Analysts agree: we have a bright future ahead. Thanks to the digital transformation, the new generation of production will become more efficient, sustainable and environmental friendly. To date, a number of concepts have already been developed: Industry 4.0, Autonomous Drive, Digital Connected Worker, etc. They are actively included in investment plans and development strategies for various sectors of the economy.
The development of digital technologies, such as artificial intelligence (AI), robotics, the widespread adoption of the Internet of Things (IoT) and Big Data, wearables, mobile devices and online platforms, is changing the nature and place of work in most companies. The mobility of employees increases, and their work becomes more intellectual. Smart machines take on a wide range of not only typical, but also cognitive tasks that were previously performed by humans.
Much of the discussion around the digitalization of jobs is related to the number of workplaces. However, the issue of the quality of workplaces is also acute. Here, occupational health and safety becomes an important aspect, acquiring a completely new set of tools.
With the development and integration of technologies in the company, two processes occur simultaneously that affect employees. On the one hand, automation of production threatens the existence of a number of professions and inexorably leads to job cuts. On the other hand, the introduction of new technologies contributes to improving the quality of working conditions of employees. Digitalization guarantees safer and healthier workplaces for everyone in the digital world. The possible negative consequences of digitalization for the safety and health of employees are minimized, new opportunities and tools for prevention appear.
Robotics allows us to get workers out of dangerous areas. Now we can transfer a number of tasks to fast, precise and tireless machines, thereby improving the quality of the work performed. Collaborative robots (Cobots) – the so-called robots that can work in production together with a person – can facilitate access to work for many people who, for various reasons, are isolated from society and even extend the term of employment. For example, for disabled and elderly employees, the range of professions can be significantly expanded. Many of them will be able to become in-demand specialists in those industries that were previously inaccessible to them, due to their nature.
Like any social phenomenon, digitalization is fraught with two sides. This is both a challenge and an opportunity for humanity. Maintaining a balance depends on the correct application of technologies and the level of social regulation tools development.

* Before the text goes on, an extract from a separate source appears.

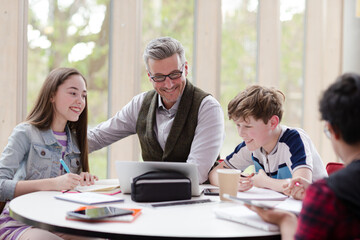 Fototapeta premium Male teacher and students using laptop at table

To do this, it is necessary to take into account social, political and economic trends: the demographics of the labor force, the state of the economy, social relations, management and skills.
The European Agency for Occupational Safety and Health (EU-OSHA) provides examples of occupational health and safety strategies that can help to mitigate the health and safety challenges associated with digitalization:
- the development of an ethical framework for the digitalization, codes of conduct and good governance;
- “prevention through design”, which unites the human factor and the design of new machines that focuses on the inclusion of an employee;
- involvement of employees in the development and implementation of any digitalization strategies;
- collaboration between scientists, industry, social partners, and governments in digital research and innovation, with a view to appropriately addressing the human dimension; creation and improvement of the regulatory framework for determining the obligations and responsibilities of the employer and employees in connection with the emergence of new technologies, changes in working processes;
- adapting the system of education and training of employees;
- providing effective health and safety services to all employees in the new digital world of work.

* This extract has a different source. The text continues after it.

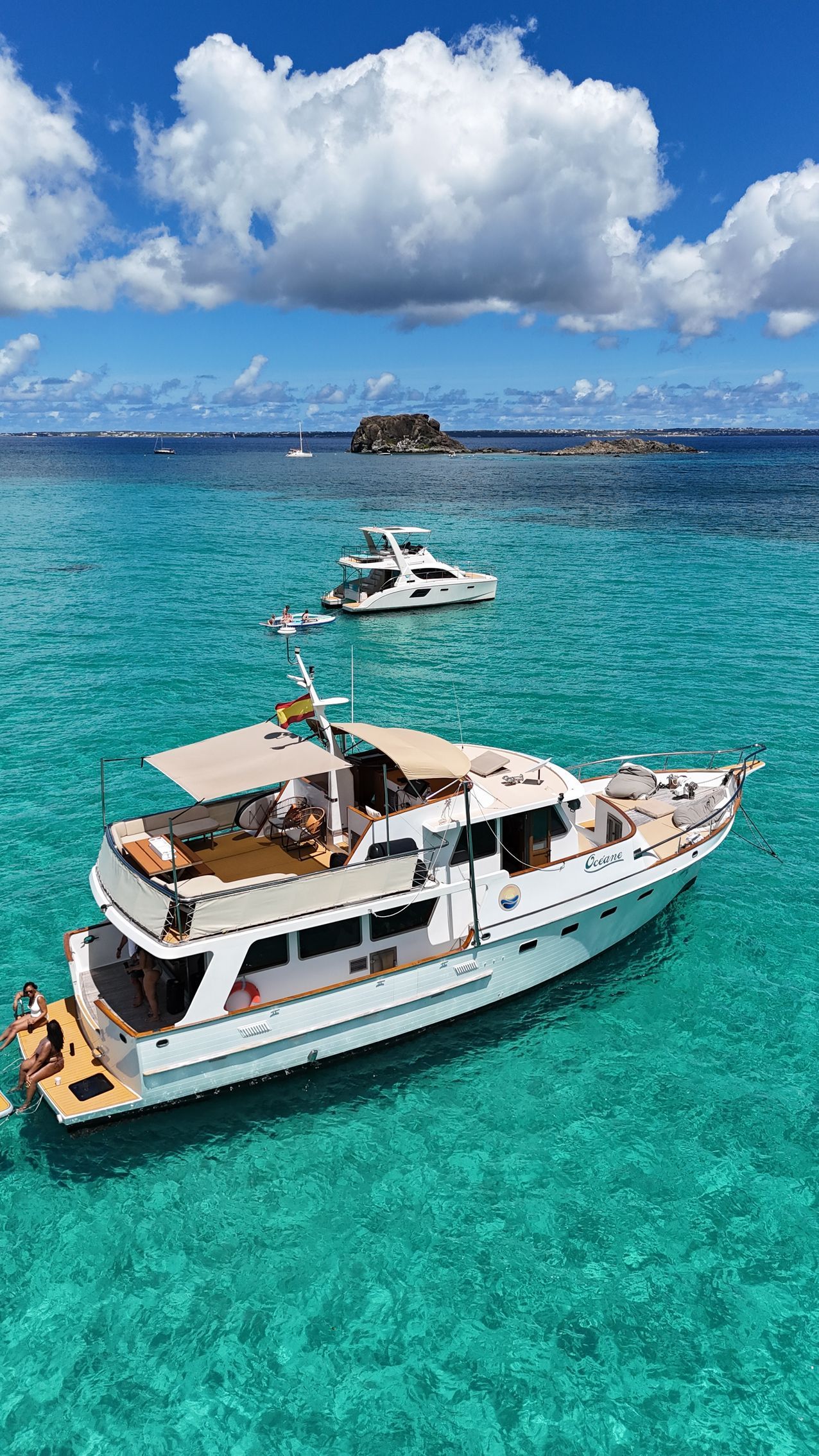 White yacht on turquoise water, with a smaller boat alongside, mountains in the background.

(information is available at https://osha.europa.eu/en/emerging-risks/developments-ict-and-digitalisation-work access date: 02.03.2021)
The process of digitalization has already begun and is inevitably shaping our future today. From sophisticated robots replacing field workers to additive manufacturing technologies (such as 3D printing) that produce human organs – the potential for digitalization innovation to meet growing demand and increase productivity is enormous. Our task today is to try to curb these processes and do everything possible to ensure that a person, an ordinary employee, remains safe in the ship of progress.